怖いからと言ってどうすることもできないからだ。性能を知ってしまった以上、もう黒いパソコンを捨てようだとか壊そうだなんて考えられない。信じないという選択が余りにも有り得なかったから信じるしかなかった。
こんなチートアイテムを自ら手放すなんて、できなかった。
――俺は完全にやることが無くなった夏季休暇中に、黒いパソコンを使ってあらゆることを検索した。今はほぼニートとはいえ医学生、勉強をすることは好きだった。何かを知るというのは楽しかった。
今まで疑問に思ったことがあることの答えを全部、黒いパソコンは教えてくれた。宇宙の全貌も、空白の歴史も、誰も解明できない難病の治療法すらも、数秒で答えが表示された。
公に発表すればノーベル賞は間違いない情報の数々。自分で見つけたことにすれば、俺が世界で1番の有名人にだってなれる。
一体これからの人類の何千年分の知識量か分からない。知っていく度に、俺の世界が広がった。いつしか、自分がこの世の神にでもなったのかと錯覚するほど……心が広く、透明に……。
その一方で……いや、だからというべきか……性に対する欲望はより強く、よりアブノーマルになっていった。
画像検索や動画検索の存在を知り、色んな死体や、実際の死姦を見た日もあった。正確に言うと屍姦、女の死体に覆いかぶさり腰を振る男の映像。いくつも見ていくうちに、俺はより刺激の強いものを求めるようになった。
あらゆることを知った脳では、ちょっとしたことでは興奮できなくなってしまったというところだろうか。傷が多いのは苦手だったのだけど、いつしか首が切れていて、その断面が鮮明に見えている画像すらグロテスクに見えなくなった。
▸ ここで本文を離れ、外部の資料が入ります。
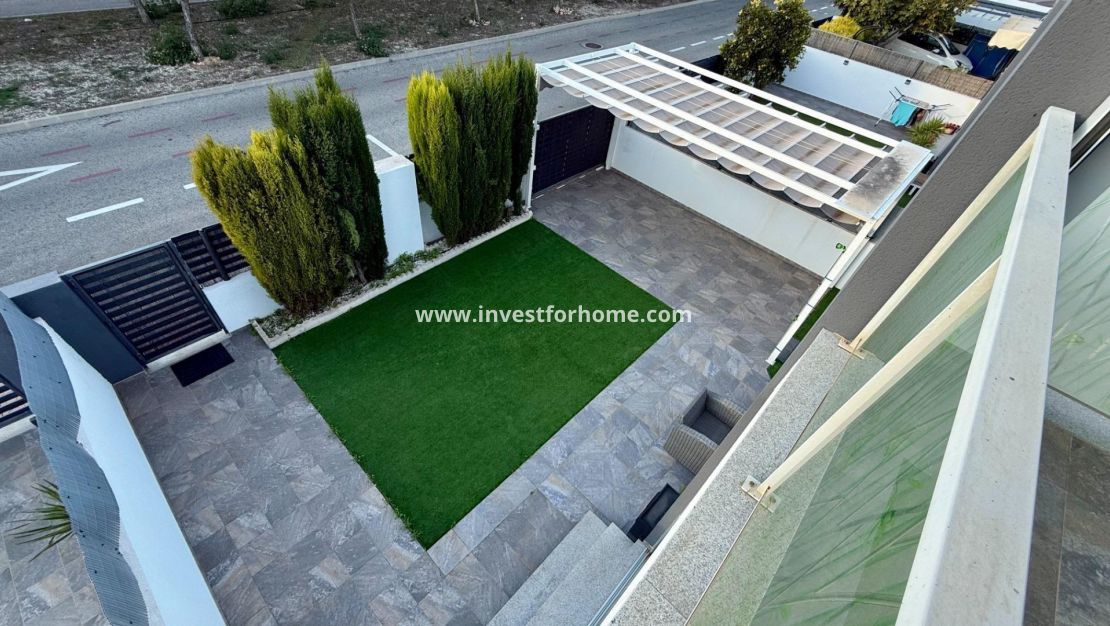 Reventa - Casa - Torrevieja - aguas nuevas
もっと……もっと……そう求めてしまうように気付けばなっていた。
そうなってしまった俺が、最終的に辿り着いたのは実際にそれをやることだった――。
もうどんなに好みのものでも、画像や動画を見ているだけでは満足できない。実際にやって、これ以上ないほどの快感を肌で味わってみたい。性欲が高まると、そう思うようになった――。